I was so sleepy the next morning and not even coffee or skipping homeroom helped. I was fantasizing about sleep - that's how tired I was. But I'd needed the money - we'd needed the money. My family and I. I couldn't let my parents (especially my poor dad, whose fault none of this was) try to scrounge up money for bills and other expenses all on their own. Gio needed a new jacket for the winter and was probably going to need braces in the next year or so. And there were still late payments on past tuition from my old school.

My parents had both left for work by the time I got up and toasted an English muffin. I hated instant coffee, but I didn't have enough time to brew a pot, so I heated some water on the stove and poured the powdered stuff in a mug. I had to put three whole spoons of sugar in it to make it taste even remotely decent.

My first class was chemistry, where Todd sat next to me and copied my notes. I was too tired to even argue that some people - our teacher included - might see this as somewhat unethical. But it wasn't like I was giving him answers on a test - I was just making it so that he didn't really have to pay attention in class. His logic was "why should both of us have to pay attention?" and since I wasn't good at arguing, that's just how it went. Todd also had this annoying habit of trying to talk to me all class long, which would drive me crazy when I didn't have to fight to pay attention - but when I was so tired I could barely hold my eyes open, it made me contemplate the boy's murder. I kept having to put my hand up between us to indicate I didn't want to talk or just say "shut up! I need to hear this!" about twenty times.

I was so glad to get out of class with Todd that I almost perked up, but then Mr. Connor, my history teacher announced that we'd be having a pop quiz today. I hadn't even had a chance to read the previous night's chapter, yet. My shoulders slumped, but I took out a pen and prepared to feel like an idiot and a failure.

By lunchtime, I was in full-on zombie mode. Not like I wanted to eat brains, but like the walking dead on autopilot. I decided to just get out and skip the remainder of the day. I didn't think I could take Todd bugging me about letting him copy my homework, too or listening to his friends at the lunch table talking about baseball or their classes. I was too tired for all of it. Instead, I left Todd a nice note in his locker telling him I didn't feel well and went home.

Once I got to the house, I knew what a great idea it was. No one was home - mom and dad were at work and my brother, Gio was at school. I had hours ahead of me, all to myself and that was plenty of time to chill with some hot tea and maybe get some school work done. Instead, though, I ended up falling asleep upright in my bed while watching a talk show. 

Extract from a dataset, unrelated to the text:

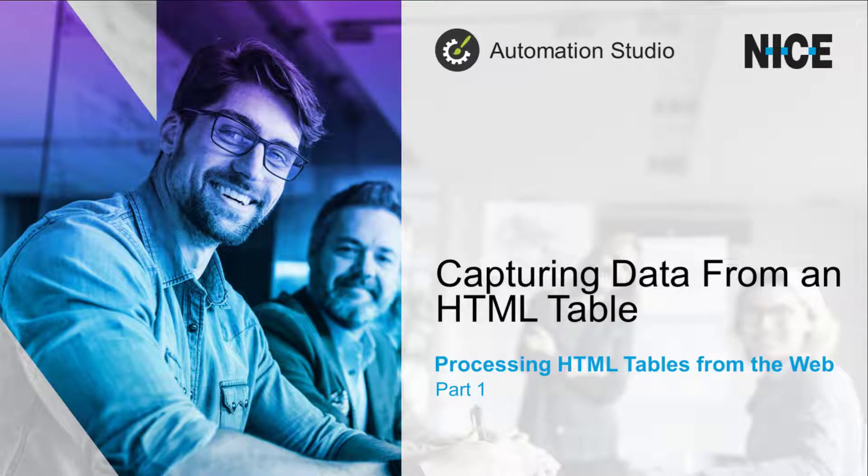Hi, in this video we are going to learn how to capture data from HTML tables on websites.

When I woke up three hours later, the house was still silent. School was over but my brother had his baseball game so his teammates' carpool wouldn't drop him off until later. My parents were still out. I decided to shower and make something to eat. It felt good to be alone in the house.

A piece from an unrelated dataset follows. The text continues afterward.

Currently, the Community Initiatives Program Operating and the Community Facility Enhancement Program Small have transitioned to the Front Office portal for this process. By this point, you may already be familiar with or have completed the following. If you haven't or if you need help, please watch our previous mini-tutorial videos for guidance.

After my shower, I padded around the kitchen with bare feet and towel-dry hair in my Care Bears nightshirt. I started a pot of rosemary potato soup from a recipe that my mom left in her recipe index. While it heated, I put together bread and cheese for a grilled cheese sandwich and put them on a plate on the counter. Our family dog, Truman was lying in the middle of the den but when he smelled food he came to see what I had. I reached above the fridge and gave him a treat from an old cookie tin that we kept them in. He was momentarily satisfied and trotted back to the cozy carpet in front of the bay window. The sun was at that stage where it was lower and seemed closer, so that the light burned bright through the window. I squinted and pulled down the shade. I went to the television in the living room and switched it on. I wanted something to keep me company - no matter how nice it was to be on my own, it still felt strange to be surrounded by such complete silence.